_WHAT TO DO_
Lines from the one containing "casa de vidro plantas" through the end of the listing are what is wanted, given again exactly with both ends included and pictures left out.

_MATERIAL SUPPLIED_

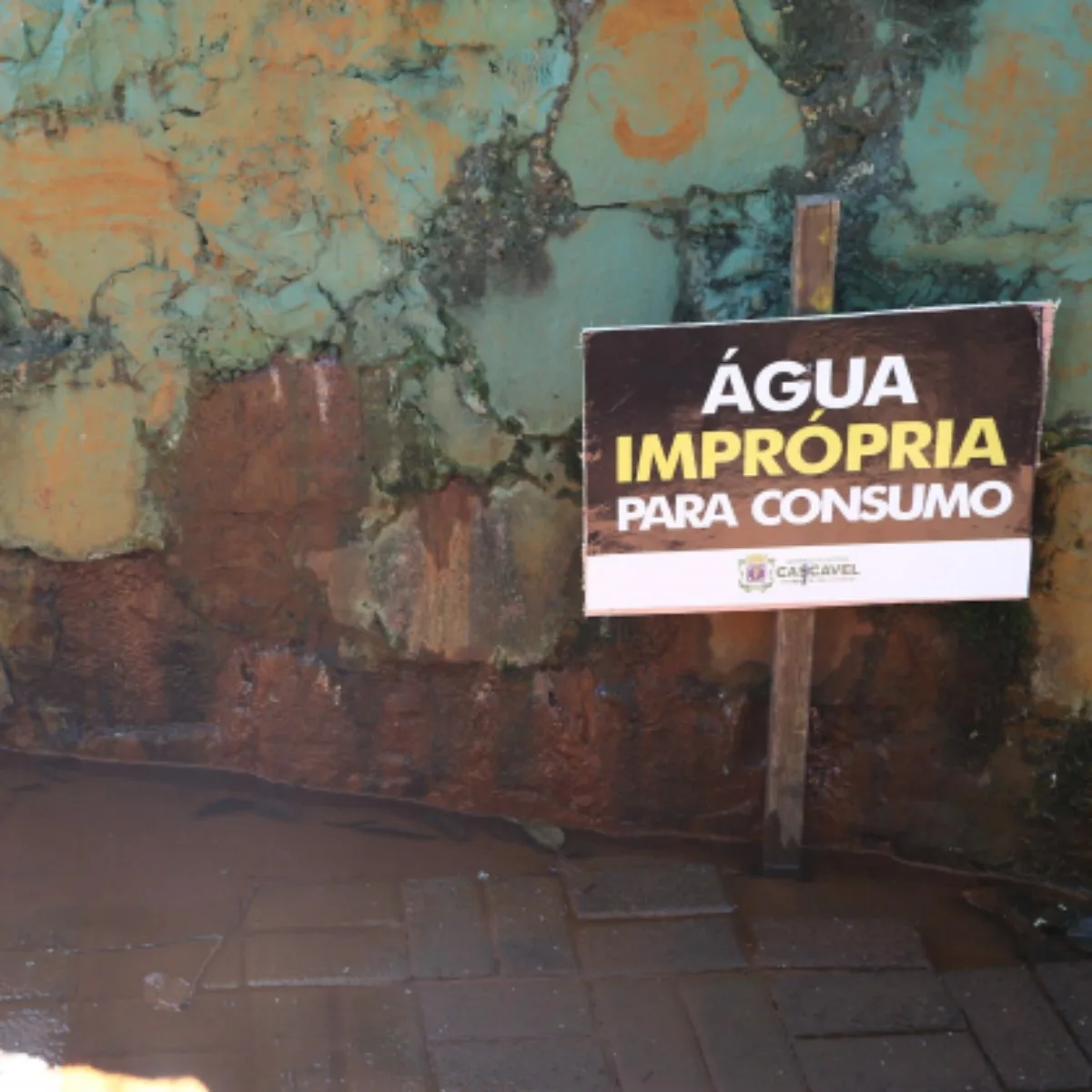 A Justiça condenou o Município de Cascavel, no oeste do Paraná, ao pagamento de indenização por danos morais coletivos no valor de R$ 70 mil, pela omissão de informações sobre a contaminação de 22 fontes públicas de água, nos anos de 2015 e 2016. Conforme o Ministério Público do Paraná (MPPR), o Poder Judiciário reconheceu a denúncia da ação civil pública movida pelo órgão, por meio da 9ª Promotoria de Justiça de Cascavel.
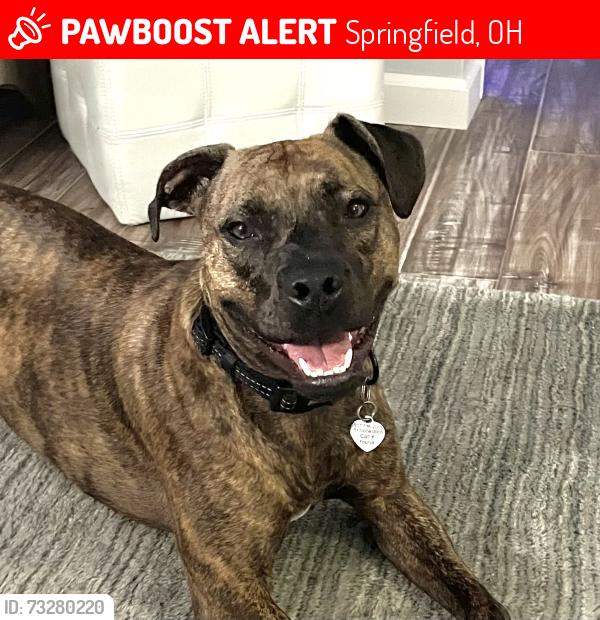 Lost Male Dog last seen S Bird Rd, heading north toward Reid Golf park, Springfield, OH 45505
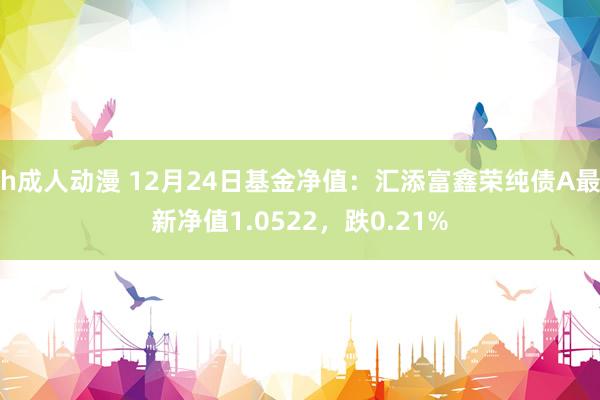 h成人动漫 12月24日基金净值：汇添富鑫荣纯债A最新净值1.0522，跌0.21%
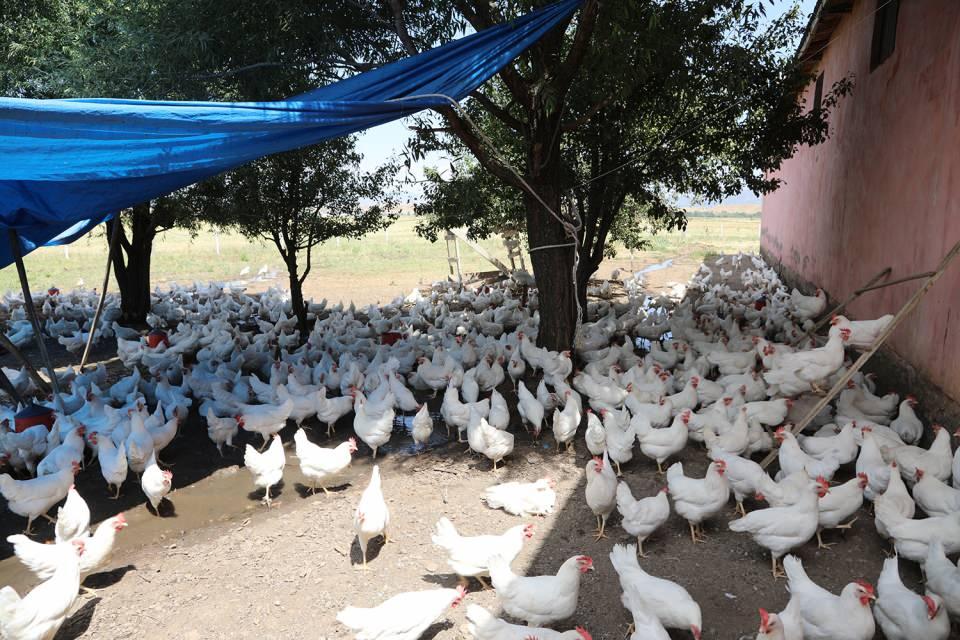 <p>Bingöl-Genç karayolu 10. kilometresinde oturan Burhan Bor, uzun yıllar yumurta satışı yaparak geçimini sağladı.</p>
<p> </p>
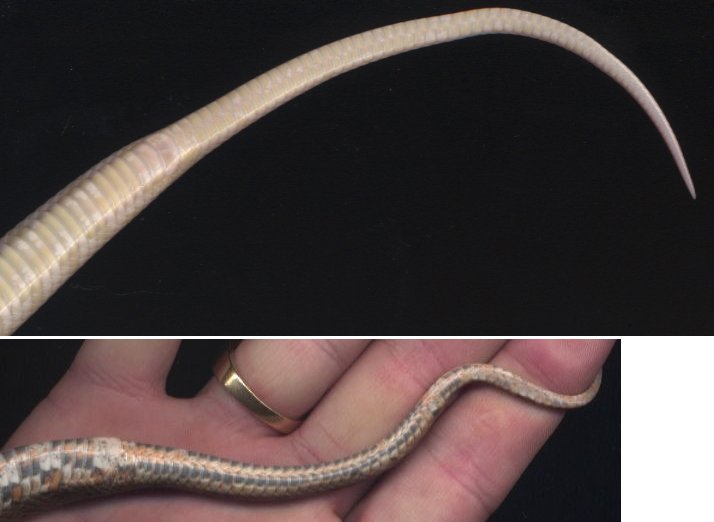 Snake Tails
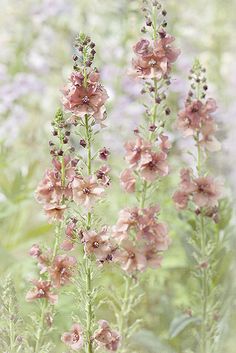 some pink flowers that are growing in the grass by itself on a blurry background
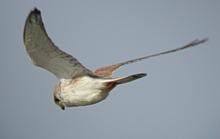 Nankeen Kestrel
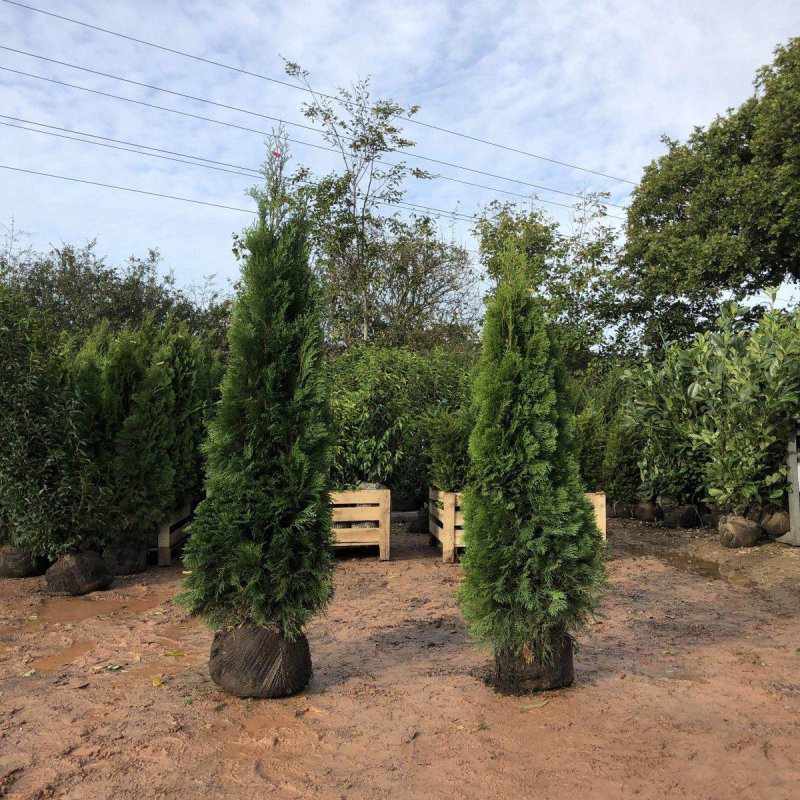 Thuja Smaragd Root Ball Hedging - Pallet Deal - Free Delivery - Buy Plants Online from  Web Garden Centre - Free Delivery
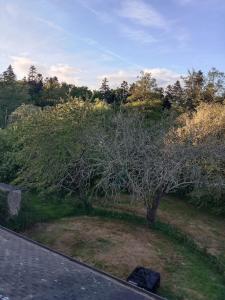 a tree sitting on the side of a road at Maison au bord de l'Erdre in La Chapelle-sur-Erdre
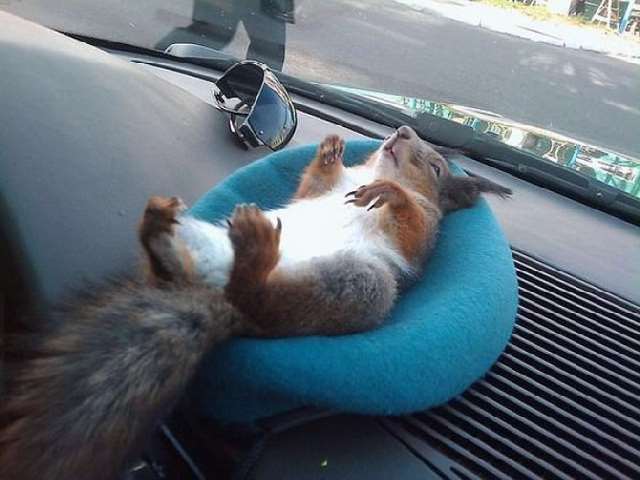 Shangrala's Rescued Squirrel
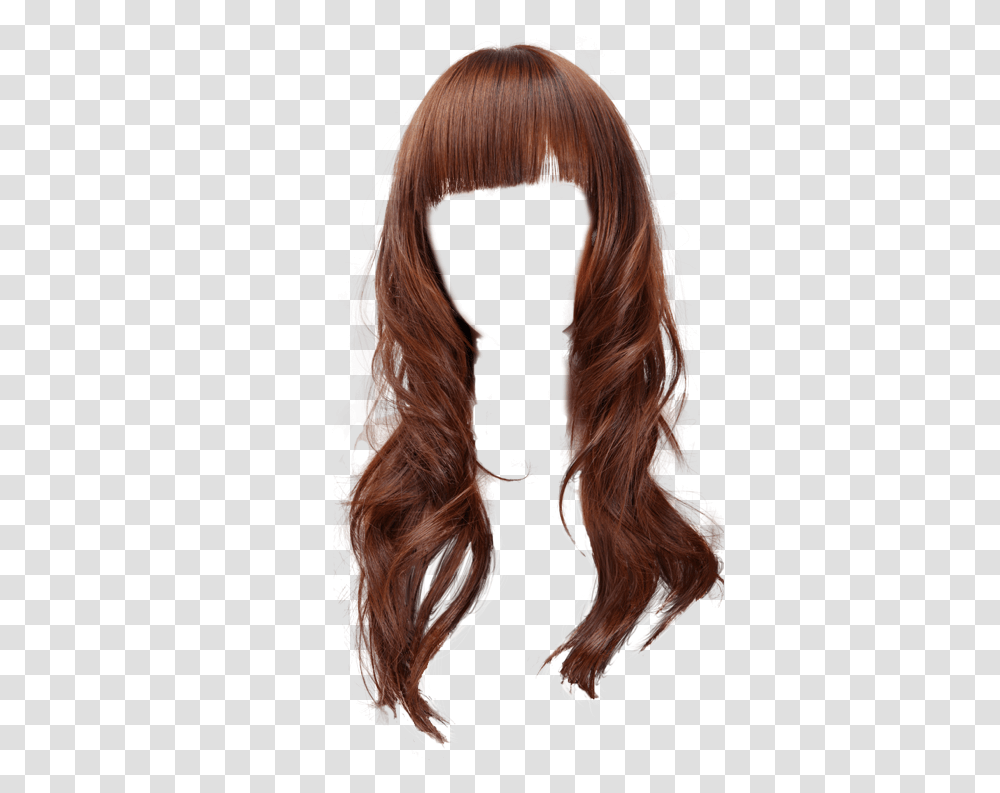 Wig, Person, Hair, Mammal, Animal Transparent Png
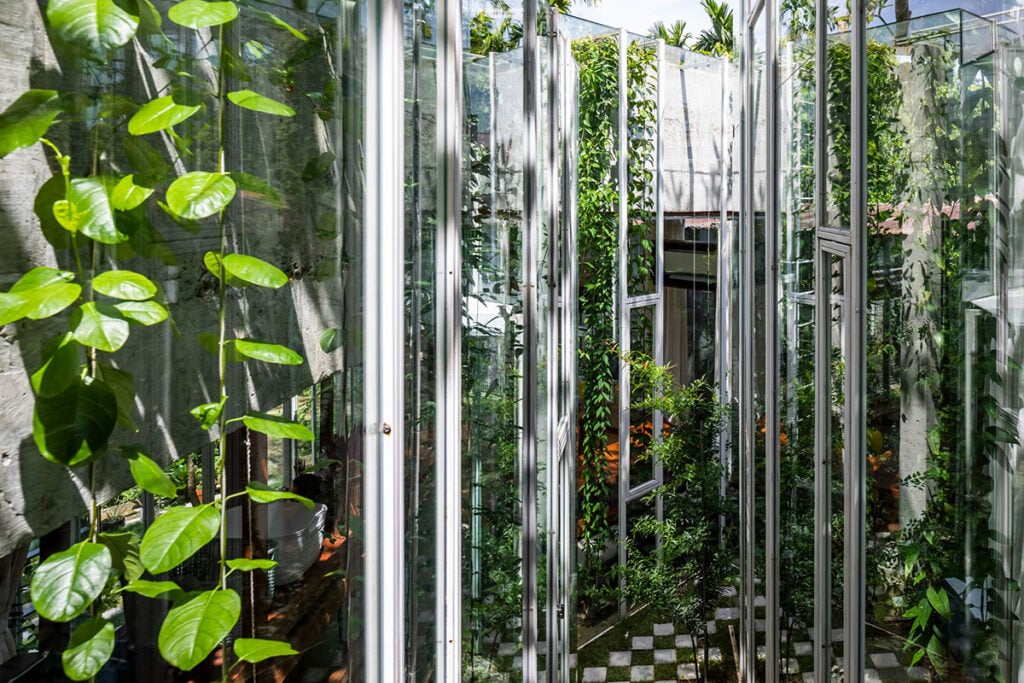 casa de vidro plantas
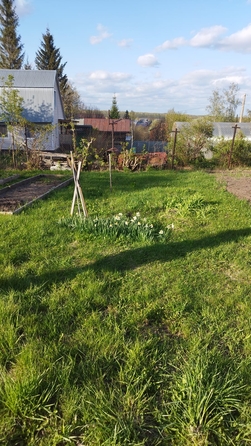 
  Продам  дачный участок, 8 соток, Медик

. Фото 6.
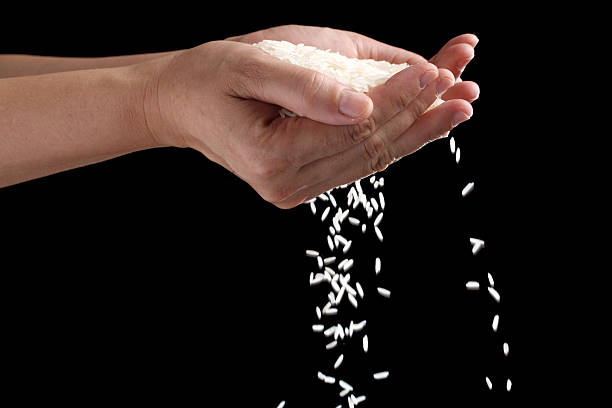 istock hand holding rice grain isolated on black background. 533375589
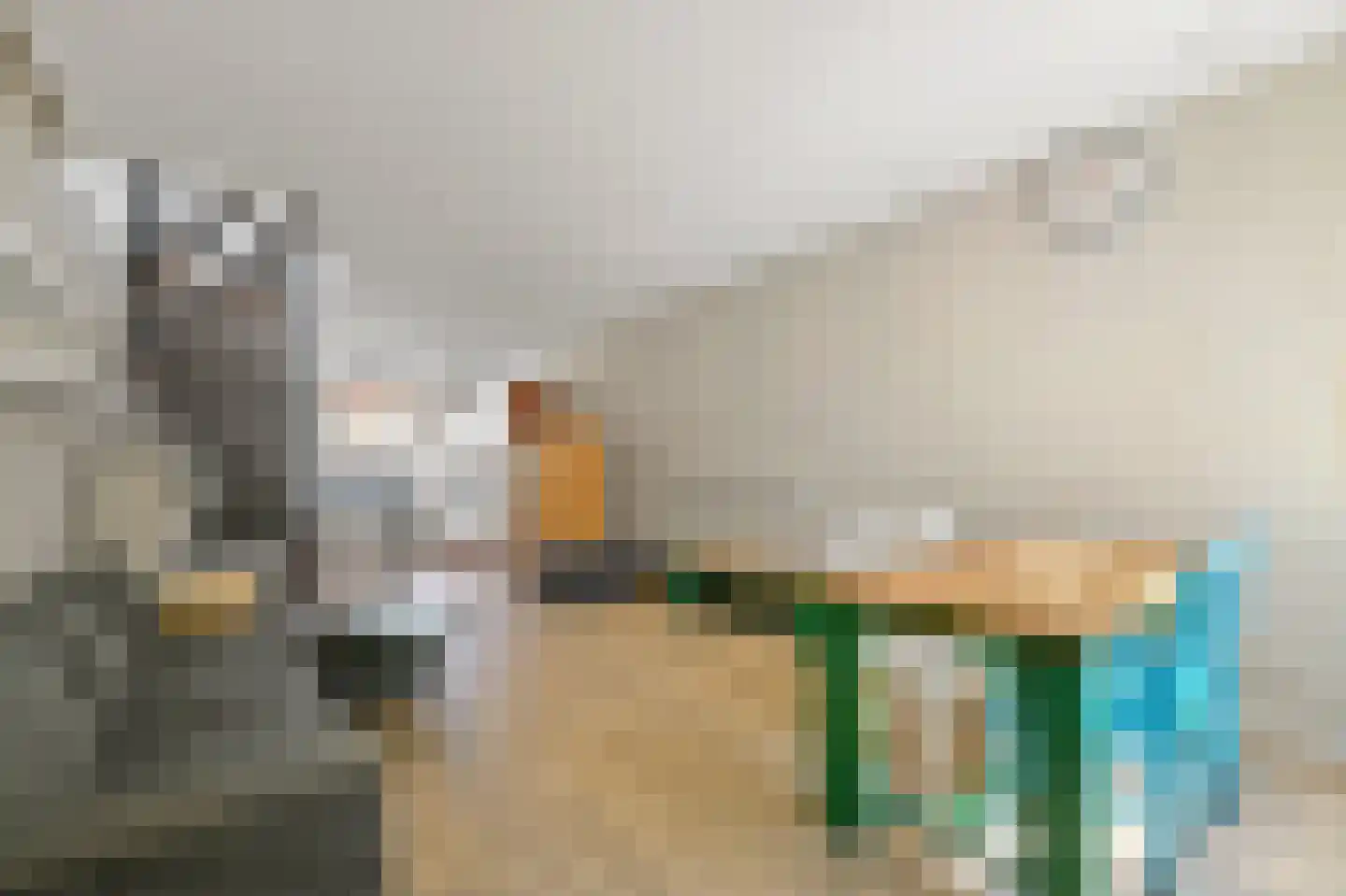 Zwijndrechtsestraat 35 Rotterdam thumbnail 8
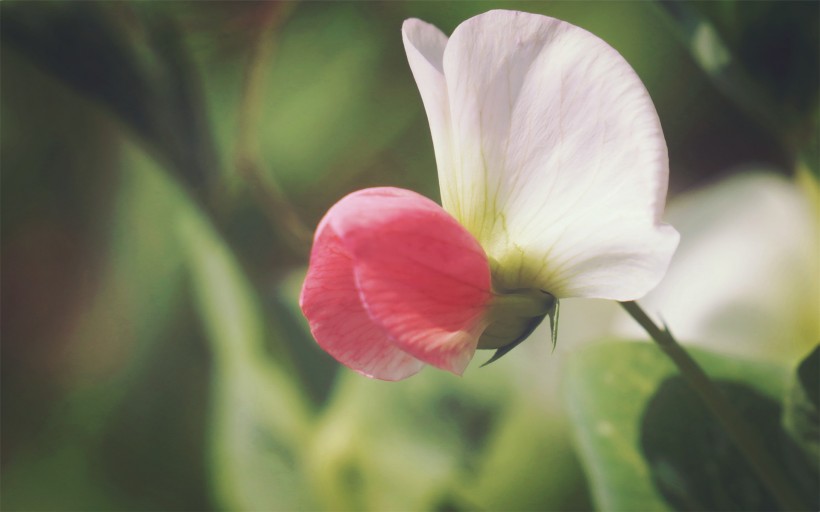 豌豆角花朵图片(6张)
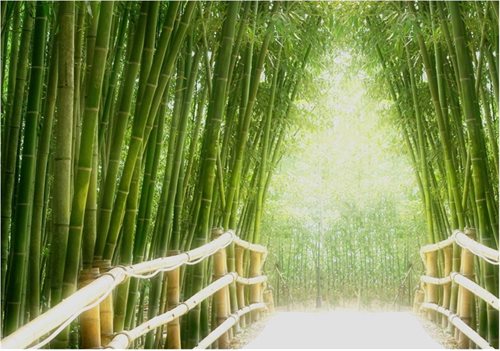 Bild av Fleece Fototapet Bamboo Walk - en kvalitetstapet till marknads bästa pris!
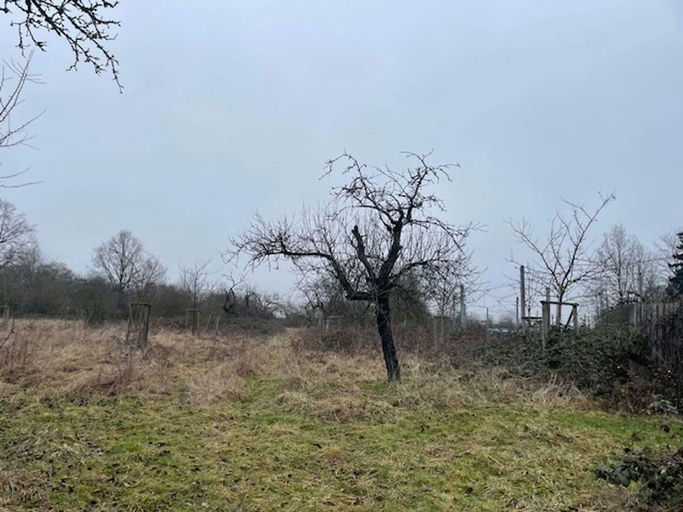 Gute Aussichten! Bild 1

_PROBLEM SOLUTION_
 casa de vidro plantas
  Продам  дачный участок, 8 соток, Медик

. Фото 6.
 istock hand holding rice grain isolated on black background. 533375589
 Zwijndrechtsestraat 35 Rotterdam thumbnail 8
 豌豆角花朵图片(6张)
 Bild av Fleece Fototapet Bamboo Walk - en kvalitetstapet till marknads bästa pris!
 Gute Aussichten! Bild 1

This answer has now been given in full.